Gut, dass wir unser Osterfrühstück im trockenen, warmen Bus genießen können. Wobei der Osterfladen, den wir gestern fabriziert haben, nicht sooo dolle ist. Trotz Weißmehls leicht bräunlich und etwas zu fest. Ich habe hin und her überlegt, woran das liegen kann und ein Verdacht hat sich verfestigt: vielleicht war in der namenlosen kleinen weißen Tüte, die ich verwendet habe, nicht Hefe sondern Sauerteig (den ich immer fürs Brot backen an Bord habe). Ach egal, ist trotzdem ganz schmackhaft.

Nach dem Frühstück fahren wir mal los. Inzwischen ist es Dank Somerzeit auch schon elf. Wir haben uns ganz unverdrossen ein weiteres Naturschutzgebiet ausgeguckt. Es liegt 200 Kilometer östlich von uns und die Beschreibung klingt sehr verlockend:

„Der Nationalpark Tablas de Daimiel ist ein einzigartiges Feuchtgebiet in Europa“, heißt es auf spain.info. Er ist der kleinste der 16 spanischen Nationalparks. Da er sich in der halbariden Region von La Mancha befindet, ist er eine Oase für Tiere und Pflanzen.

Und für die ist es ja gut, wenn es regnet, oder? Was uns wirklich erstaunt: wir sehen viele volle Stauseen, überflutete Felder, Flüsse, die über die Ufer getreten sind auf unserer Fahrt durchs Land. Gleichzeitig ist in anderen Gegenden Wassermangel. Könnte es vielleicht sein, dass es dem Menschen an ressourcenschonendem Verhalten mangelt?

Es ist schon drei, als wir im Nationalpark ankommen. Dort gibt es einen Stellplatz, auf dem wir über Nacht stehen bleiben dürfen. Es ist noch ein WoMo aus Stuttgart da, sonst keiner. Wunderbar.

Wie gestern kochen wir erstmal Kaffee, denn das funktioniert: es hört auf zu regnen, wir ziehen uns warm an (6 Grad!) und ziehen los.

Das Feuchtgebiet hier wurde von zwei Flüssen und von Grundwasser gespeist. Der Cigüela, der jahreszeitlich bedingt Salzwasser führt, und der Guadiana, der ein reiner Süßwasserfluss ist. Beide Flüsse durften bis in die 60er Jahre frei mändern und Flussplatten und Auen bilden. Durch unterschiedliche Niveaus gab und gibt es Dutzende von Inselchen, die ein Paradies für Tiere sind.
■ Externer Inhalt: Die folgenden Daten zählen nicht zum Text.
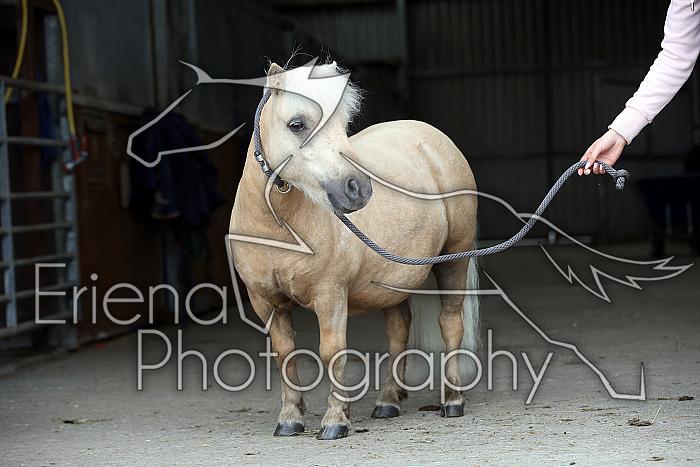 Donnelly1H5A6147131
Das natürliche Gleichgewicht wurde Mitte der 70er mit Kanalisierungen und landwirtschaftlicher Umgestaltung heftig attackiert, so dass Teile der Flussplatten irreversibel verschwanden und der Cigüela kein Wasser mehr in das Gebiet führt.

1973 wurde die Flusslandschaft samt ihren Inselchen und Tamariskenwäldern (die einzigen Bäume hier) unter Schutz gestellt und der Nationalpark gegründet.

Nun gibt es einen kleinen Bereich, der von Gästen betreten werden darf. Hier wurden die Inseln mit Holzstegen verbunden und Vogelbeobachtungshütten errichtet.

Unmengen verschiedener Enten und Gänse tummeln sich hier, Reiher, Störche, Flamingos, Greifvögel, Schildkröten und Laubfrösche. Und Wachteln haben wir auch gehört.

Hier gibt es so viel in Ruhe zu entdecken, dass wir beschließen, morgen auch noch hierzubleiben, alles ganz ruhig angehen zu lassen und weitere Erkundungstouren zu unternehmen. Ein Ruhetag in so friedvoller Umgebung hat was.

Zwischen Wasser und Sternen

Der Cerro Masatrigo ist ein Hügel in der Extremadura.  Das besondere an ihm ist seine perfekte konische  Form und dass er nach dem Bau eines Staudamms zu einer Halbinsel mitten im Wasser des Stausees wurde.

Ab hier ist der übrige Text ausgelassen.